Growing herbs is perfect for starters who are challenged with limited gardening space. Most herbs can grow well in pots which makes it very easy for the urban gardeners to move them around. In my own garden, I have a variety of herbs: basil, sage, mint, peppermint, choco mint, chives, tarragon, dill, rosemary, parsley, bunching onion, Vietnamese coriander, sawtooth coriander (Mexican cilantro), thyme, oregano, stevia, parsley, cilantro and lemon balm. Most of these herbs grow well under full or partial sunshine....
CHOOSE THE RIGHT HERBS
When starting an herb garden, it is important to know which herbs grow well locally and when to start growing them during the year . Most herbs can thrive under the warm weather condition that we have here in the Philippines and they can tolerate either full or partial sunshine. Some examples of these herbs are basil, tarragon, sage, green onion, chives, mint (and all its different varieties), oregano, thyme, rosemary and lemon balm. Most of these herbs can survive our summer heat, but some will require more frequent watering when the soil gets too dry. Some herbs like rosemary however prefer dry soil conditions, since their roots tend to rot prematurely.
Some herbs grow better when the temperature is lower or the climate is colder. Examples of these herbs are parsley, dill, cilantro and celery. Normally, these herbs grow well when the temperature is between 20 – 28 degrees Celsius, typically ideal in the highlands. When the temperature gets too hot, like what we have in the city, these herbs tend to wither away and die. While I have successfully grown dill and parsley successfully from seeds, their full growth is generally inhibited by the warm weather here in the city. These types of herbs also tend to have a shorter life span of six months to less than a year when grown under warm climates.
One of my biggest mistakes when I was just starting in herb gardening was that I wanted to try out everything all at once. I bought all kinds of herb seeds until I realized that I just had too many unopened seed packets. I tried to plant all of them and since I was not able to give each one enough attention, most of the seedlings died. I would therefore recommend that a gardener should start with one or two herbs only. Basil and mint are usually the easiest to grow. Once you are successful with these herbs, you can expand with more herbs like sage and tarragon.
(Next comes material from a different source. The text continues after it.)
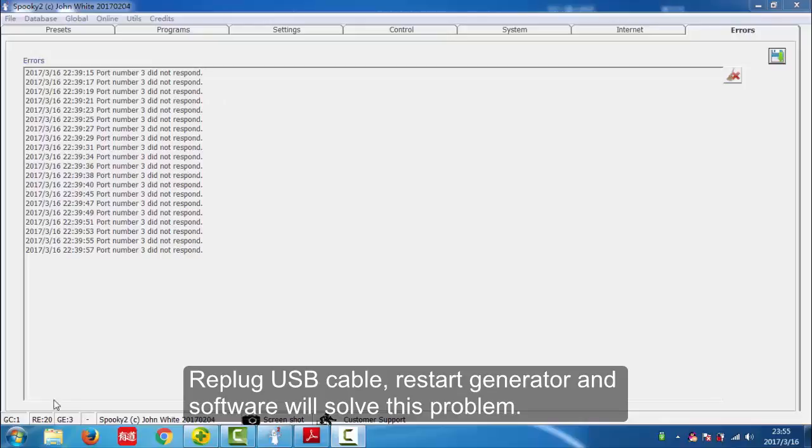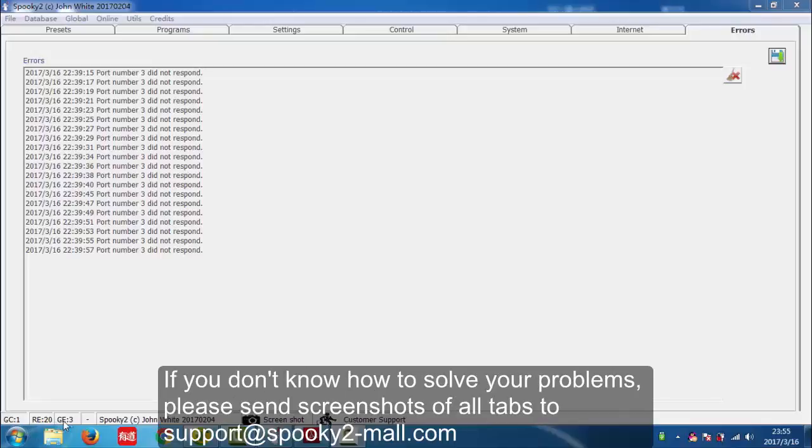And we can also check errors from here. If the number after IE and GE is not 0, it means there are errors.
GROW HERBS FROM SEED OR SEEDLING?
The typical question I get from fellow gardeners is whether to start from a seed or seedling. For me, it’s better to start with seedlings since I had more success with them. I bought my seedlings from a local garden store. If you don’t have access to seedlings, then starting from seeds will do, except that it takes a lot longer for most herb seeds to grow until they are ready to be harvested. Here in the Philippines, the information in the seed packets is usually very limited. To learn more about a specific herb, I had to make my own research from the internet. In propagating herbs, I use the cuttings from a fully grown herb plant.
Generally, herbs require very little maintenance. When exposed to direct sunlight, their flavor and aroma become more intense. Most herbs will benefit from regular pruning because it helps them grow more leaves. Except for sage, most herbs lose their flavor and aroma when they start to flower. Thus, to extend the harvest period of herbs, it is necessary to harvest or prune regularly. To do this, simply cut off the top two layers right before the third node. These cuttings may be dried under direct sunlight and stored for future use.
When grown in containers, it is important to use a well-draining soil. This means a good mixture of compost, coco peat and perlite. In the absence or perlite, small rocks or sand pebbles may be used to line the bottom of the pot. Fertilizers for herbs are rarely needed, but it helps to add compost to the soil at least once a month. Herbs are usually pest resistant and some can even help repel common insects. For this reason, some herbs can be a perfect companion plant for other plants.